• WHAT TO WORK ON:
Nothing outside the range is to be copied. From the entries below, reproduce exactly the lines starting at the one with "通用冰箱提示原因冰箱显示报警怎么解除解决方法" and ending at the one with "Camper Dad T-Shirt: The Best Kind of Dads", without pictures.

• GIVEN INFORMATION:
━━━━━━━━━━

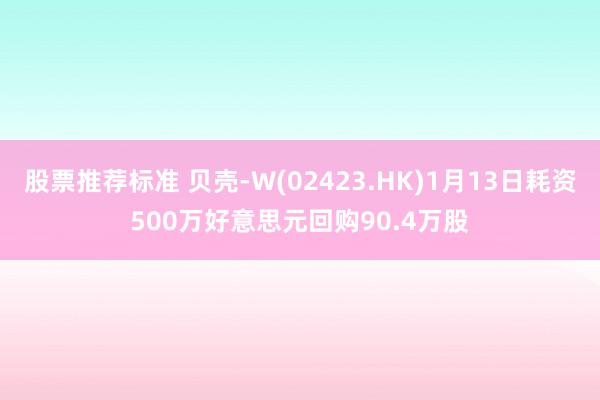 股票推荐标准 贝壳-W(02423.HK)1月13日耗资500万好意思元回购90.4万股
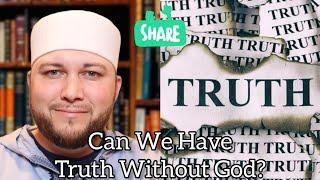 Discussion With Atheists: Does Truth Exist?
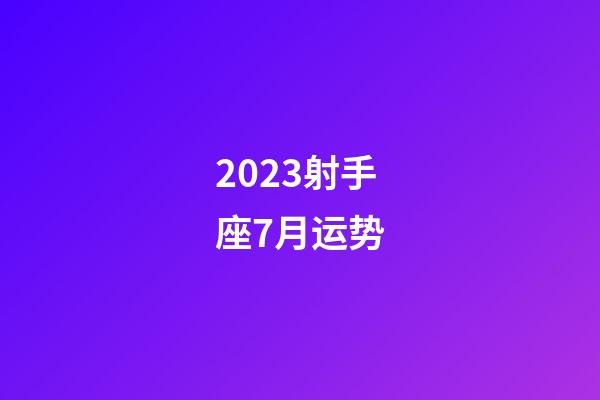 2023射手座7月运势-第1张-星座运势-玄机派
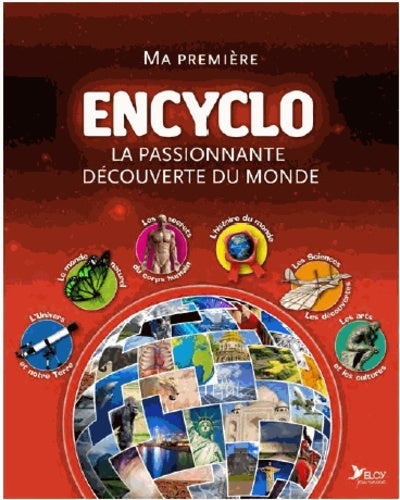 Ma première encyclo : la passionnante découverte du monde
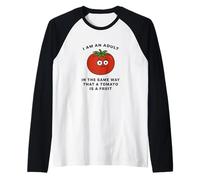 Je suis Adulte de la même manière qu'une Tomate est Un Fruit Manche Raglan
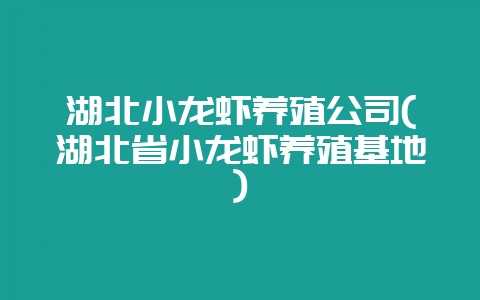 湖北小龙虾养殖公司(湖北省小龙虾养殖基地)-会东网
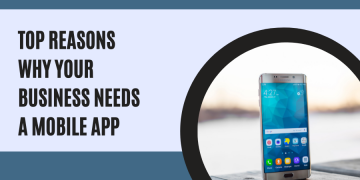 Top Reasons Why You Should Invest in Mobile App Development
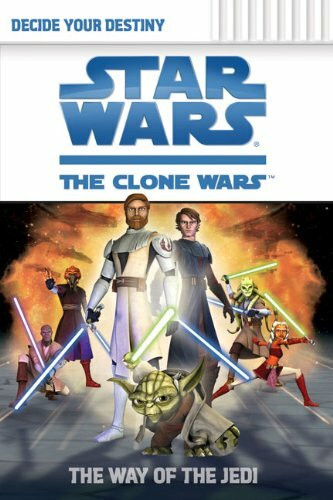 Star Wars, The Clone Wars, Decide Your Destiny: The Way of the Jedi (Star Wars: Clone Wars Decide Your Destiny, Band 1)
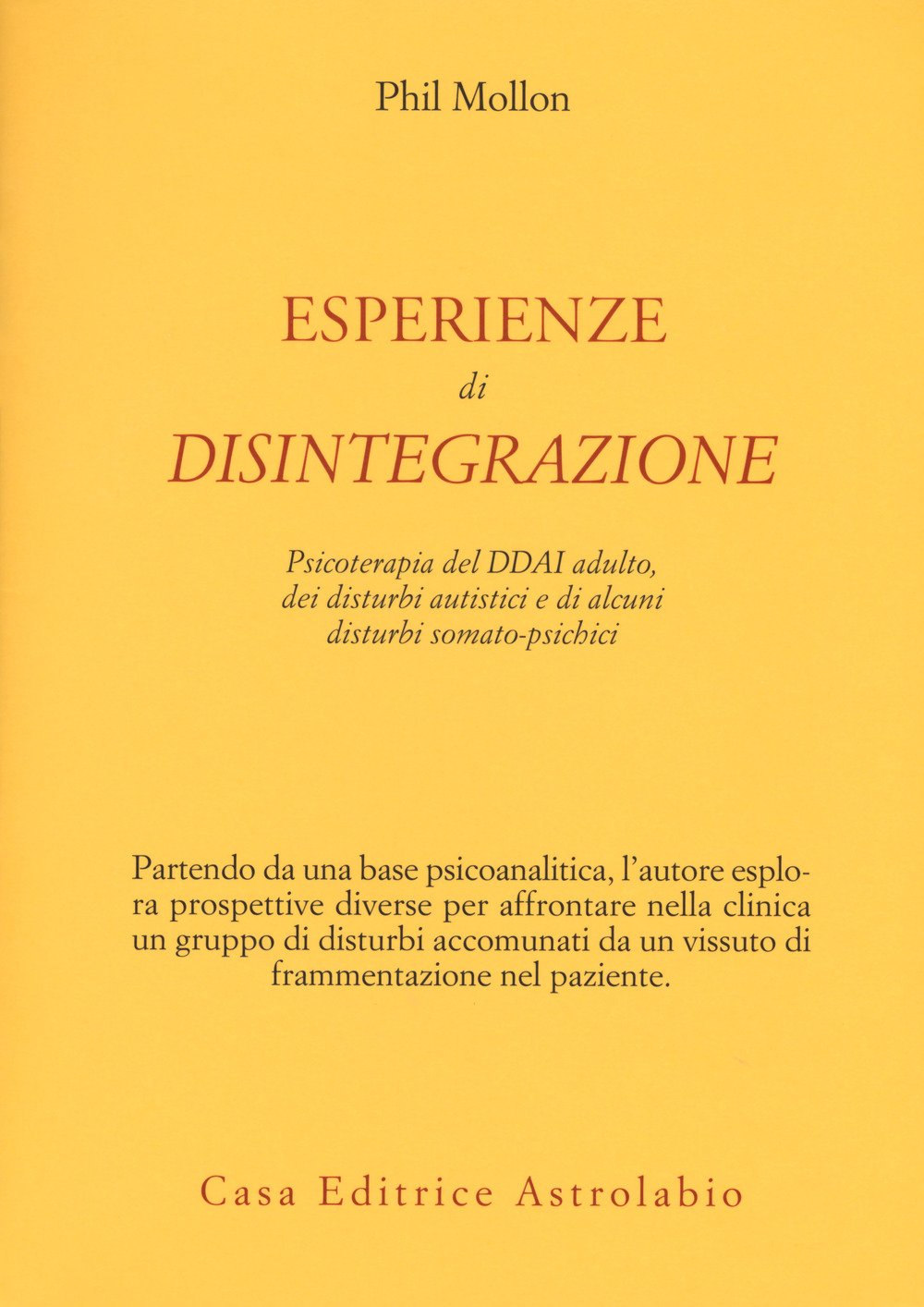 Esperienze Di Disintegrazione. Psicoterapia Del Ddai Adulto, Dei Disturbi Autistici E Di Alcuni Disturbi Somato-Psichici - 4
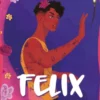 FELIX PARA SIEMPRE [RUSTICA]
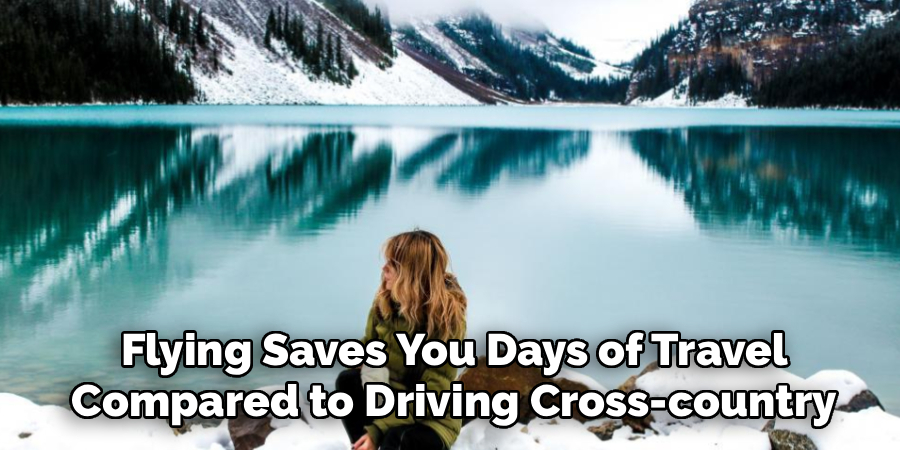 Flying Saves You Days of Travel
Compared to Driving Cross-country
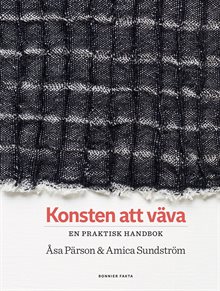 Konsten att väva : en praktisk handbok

━━━━━━━━━━

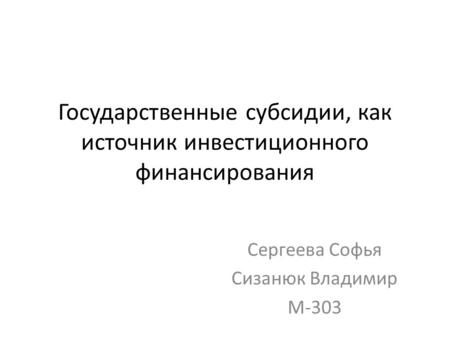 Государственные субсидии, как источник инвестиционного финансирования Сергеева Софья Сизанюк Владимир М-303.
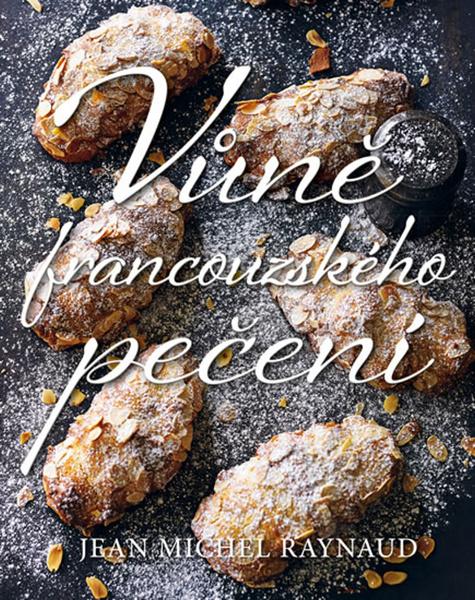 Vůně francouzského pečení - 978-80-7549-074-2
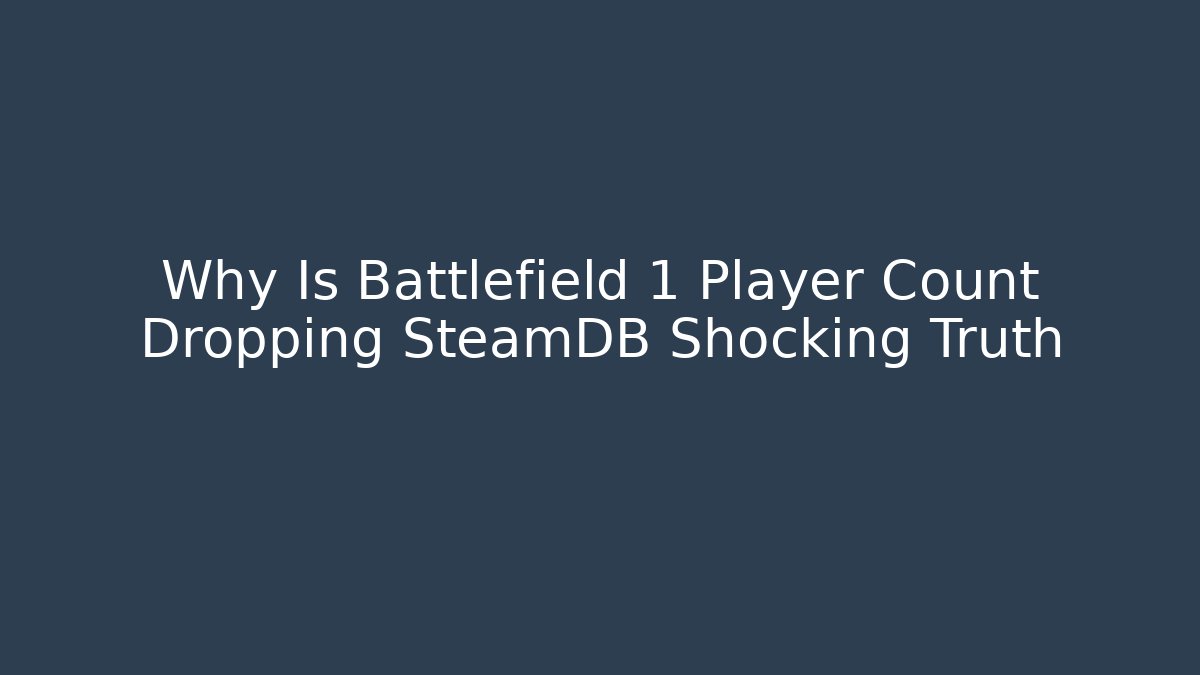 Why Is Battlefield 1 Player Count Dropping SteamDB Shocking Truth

━━━━━━━━━━

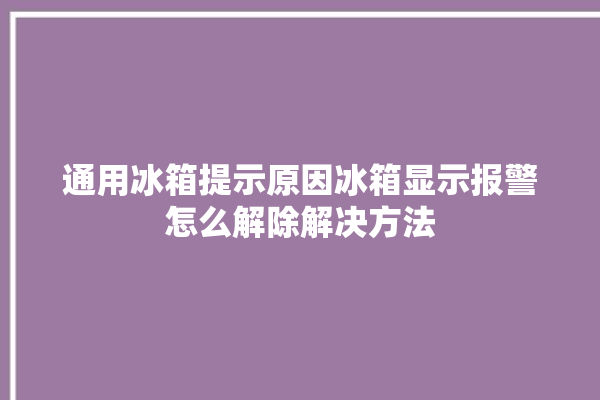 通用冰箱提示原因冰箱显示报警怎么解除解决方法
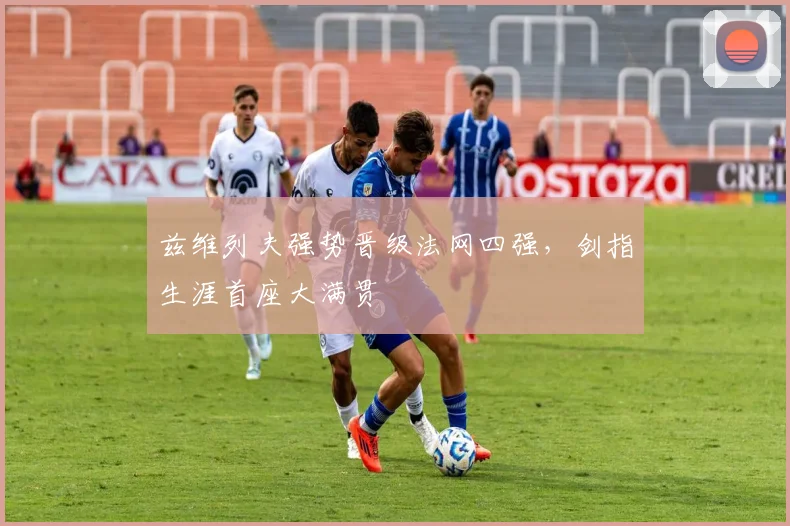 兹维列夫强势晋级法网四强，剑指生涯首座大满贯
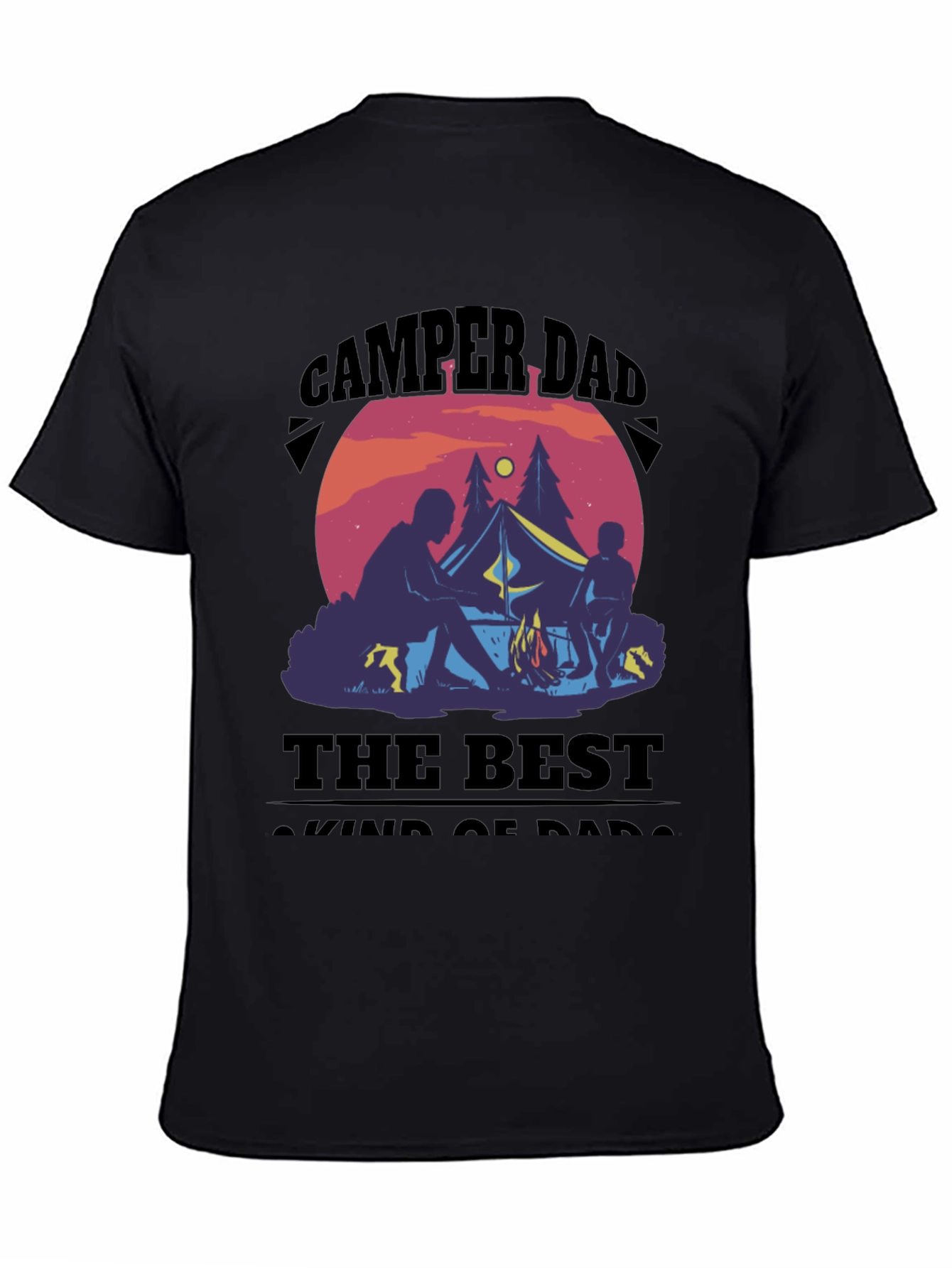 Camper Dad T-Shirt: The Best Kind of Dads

━━━━━━━━━━

• RESPONSE TO THE EXERCISE:
 通用冰箱提示原因冰箱显示报警怎么解除解决方法
 兹维列夫强势晋级法网四强，剑指生涯首座大满贯
 Camper Dad T-Shirt: The Best Kind of Dads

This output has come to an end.